きた産業のスローなブログ

会社のトピックスや出来事を、「スロー」に記録・発信するブログ。文章は、当社の各部門のスタッフが書きます。

ボルドーから続Bonjour! & シャンパーニュからもBonjour!

2008年12月12日 14時33分38秒 | Weblog
前回の渡邊に続き、今回は喜多がおおくりする現地レポートです。

<シャトー訪問編 その1> シャトー・ランシュバージュのオーナー。小脇に抱える本をよく見ると、、、マンガの「神の雫」!(もちろんフランス語版)。 来年、ランシュバージュのビレッジでマンガ祭りをする!!のだそうな。



<シャトー訪問編 その2> 問題:よく見ると樽の鏡(側板)に穴が二つある(6時と5時の位置)。理由はわかりますか?(ポムロールのヴュー・シャトー・セルタンにて)

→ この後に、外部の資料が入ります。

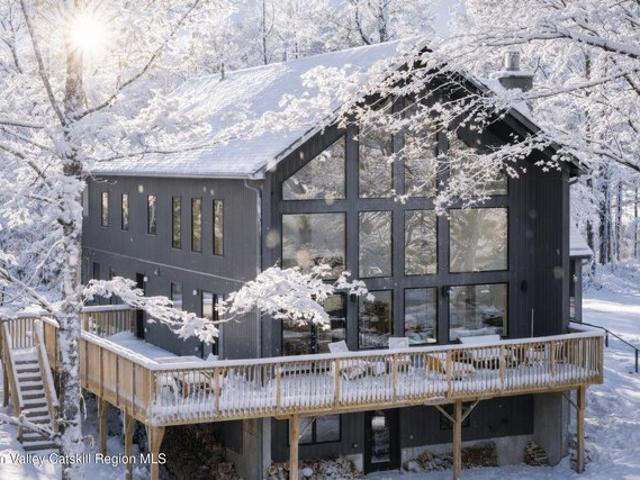 House for sale in Accord, New York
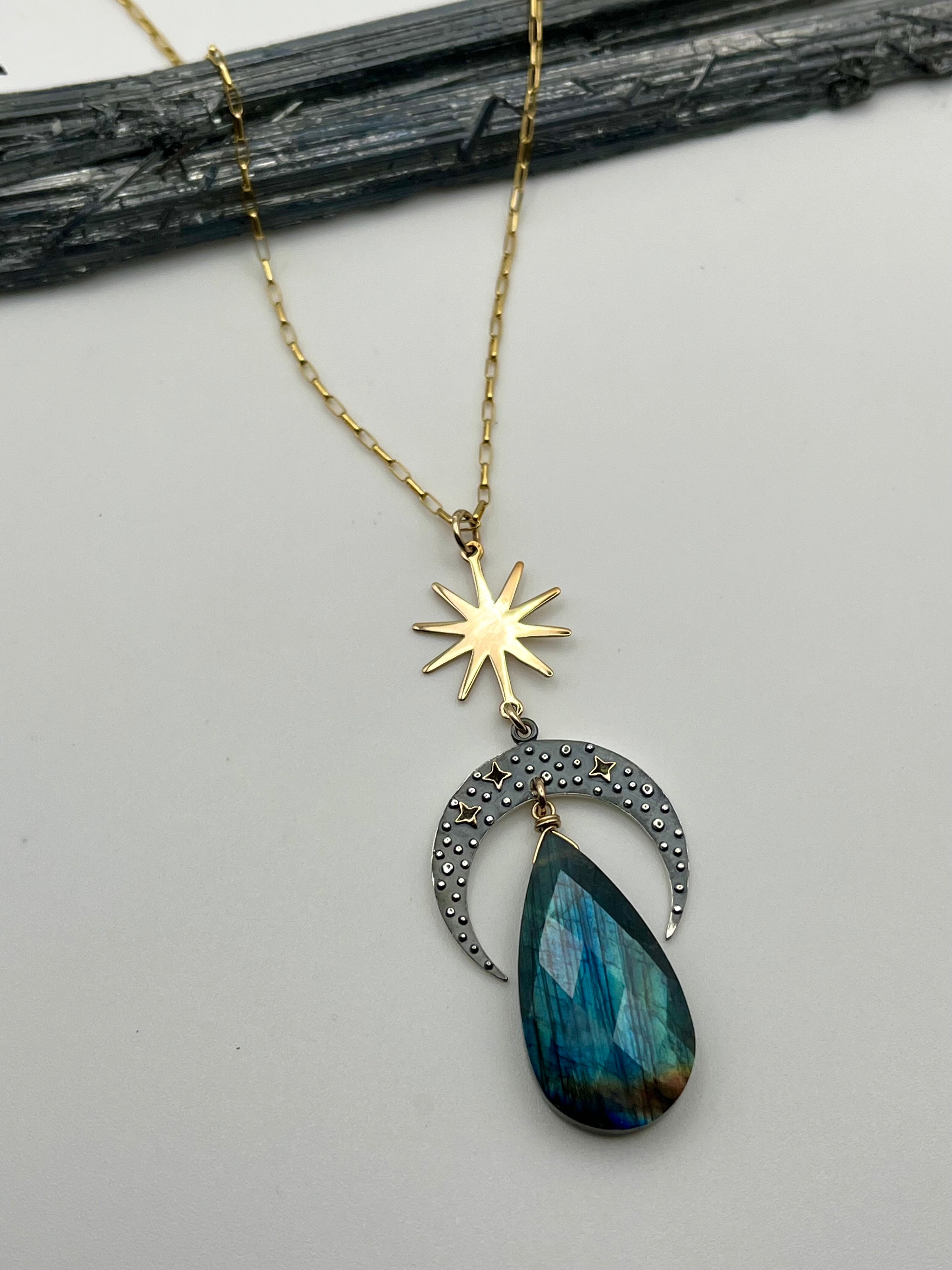 •NYX• labradorite + mixed metal necklace (26-28" long)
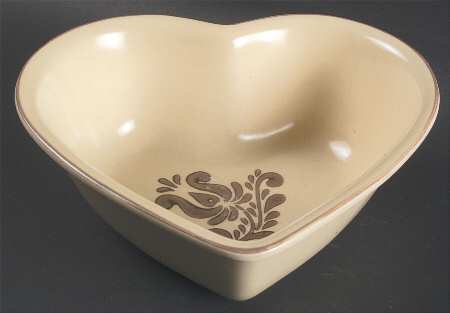 Village (Made in USA) 8" Heart Shaped Bowl
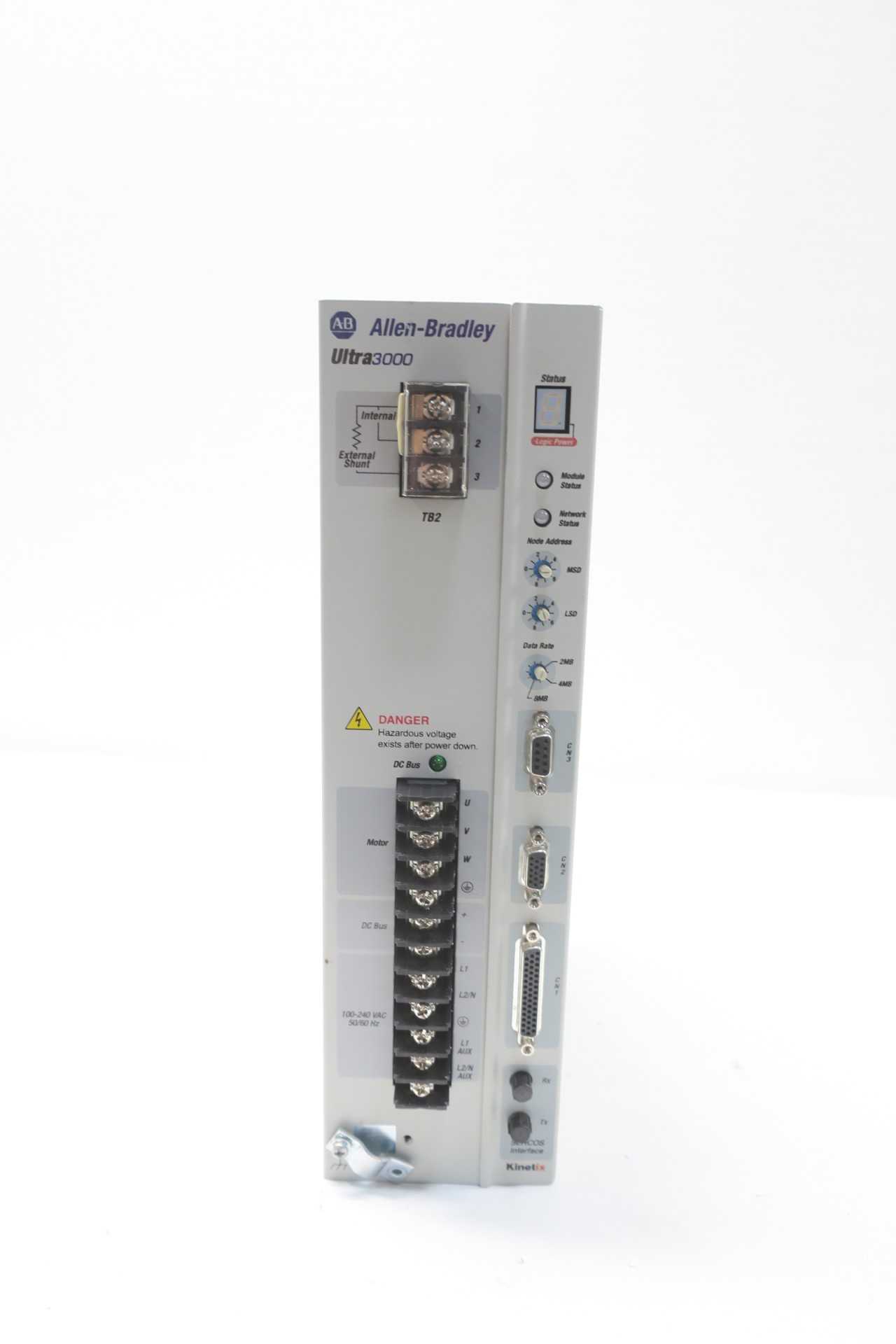 ALLEN BRADLEY 2098-DSD-030-SE ULTRA3000 SERVO DRIVE - AUTOMATION & CONTROLS
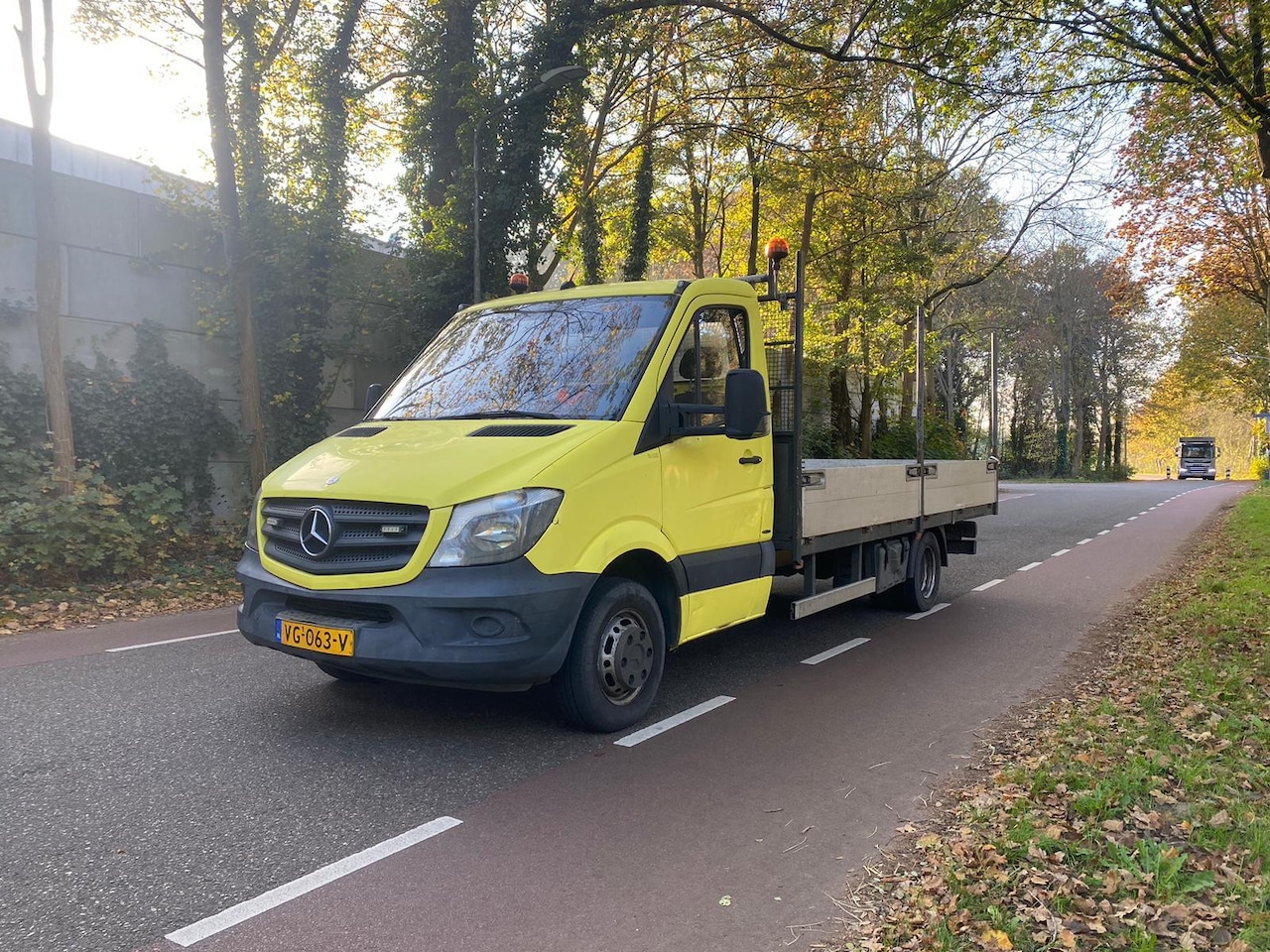 Mercedes-Benz Sprinter - 516 2.2 BlueTEC 432 DC AUTOMAAT PICK UP LANG BAK EURO 6 GEEL 2014 - AutoWereld.nl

<シャトー訪問編 その3> サンテミリオンのシャトー・カノン。タンク上の「移動式ホッパー」に注目。すべて重力式(上から下に自然落下するレイアウト)で、ポンプは使わず、この次は地下タンクに落とす。唯一の例外はルモンタージュだが、使うのはブドウに優しい「チューブポンプ」だそうです。(CM:当社も、「ragazziniチューブポンプ」をウリにしています!) なお、このシャトーのオーナーはシャネルで、シャネル・ブルーが設備のところどころのアクセントに使われています。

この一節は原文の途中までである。